Step 1: Enable Response Caching¶

Cache LLM responses to avoid redundant API calls:

from autorubric import LLMConfig
from autorubric.graders import CriterionGrader

grader = CriterionGrader(
    llm_config=LLMConfig(
        model="openai/gpt-4.1-mini",
        cache_enabled=True,           # Enable disk caching
        cache_dir=".autorubric_cache", # Cache location
        cache_ttl=86400,              # 24 hours (None = no expiration)
    )
)

When Caching Helps

Caching is most valuable when:

Re-running evaluations during development
Evaluating the same content with different rubrics
Running regression tests on known content
Processing duplicate items in your dataset

Step 2: Monitor Cache Performance¶

Check cache statistics after evaluation:

# After running evaluations
client = grader._clients["default"]  # Get the LLM client
stats = client.cache_stats()

print(f"Cache Statistics:")
print(f"  Entries: {stats['count']}")
print(f"  Size: {stats['size'] / 1024 / 1024:.1f} MB")
print(f"  Directory: {stats['directory']}")

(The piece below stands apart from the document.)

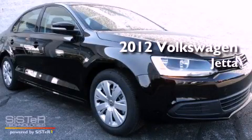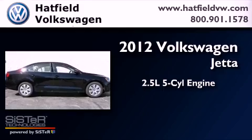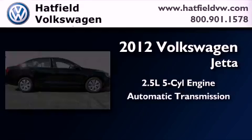This is a brand new 2012 Volkswagen Jetta. It has a 2.5-liter, five-cylinder engine and an automatic transmission.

Step 3: Re-run with Warm Cache¶

The second run uses cached responses:

import asyncio
import time

async def benchmark_cache():
    # First run - populates cache
    start = time.perf_counter()
    result1 = await evaluate(dataset, grader, show_progress=False)
    cold_time = time.perf_counter() - start
    cold_cost = result1.total_completion_cost or 0

    # Second run - uses cache
    start = time.perf_counter()
    result2 = await evaluate(dataset, grader, show_progress=False)
    warm_time = time.perf_counter() - start
    warm_cost = result2.total_completion_cost or 0

    print(f"Cold run: {cold_time:.1f}s, ${cold_cost:.4f}")
    print(f"Warm run: {warm_time:.1f}s, ${warm_cost:.4f}")
    print(f"Speedup: {cold_time / warm_time:.1f}x")
    print(f"Cost savings: ${cold_cost - warm_cost:.4f}")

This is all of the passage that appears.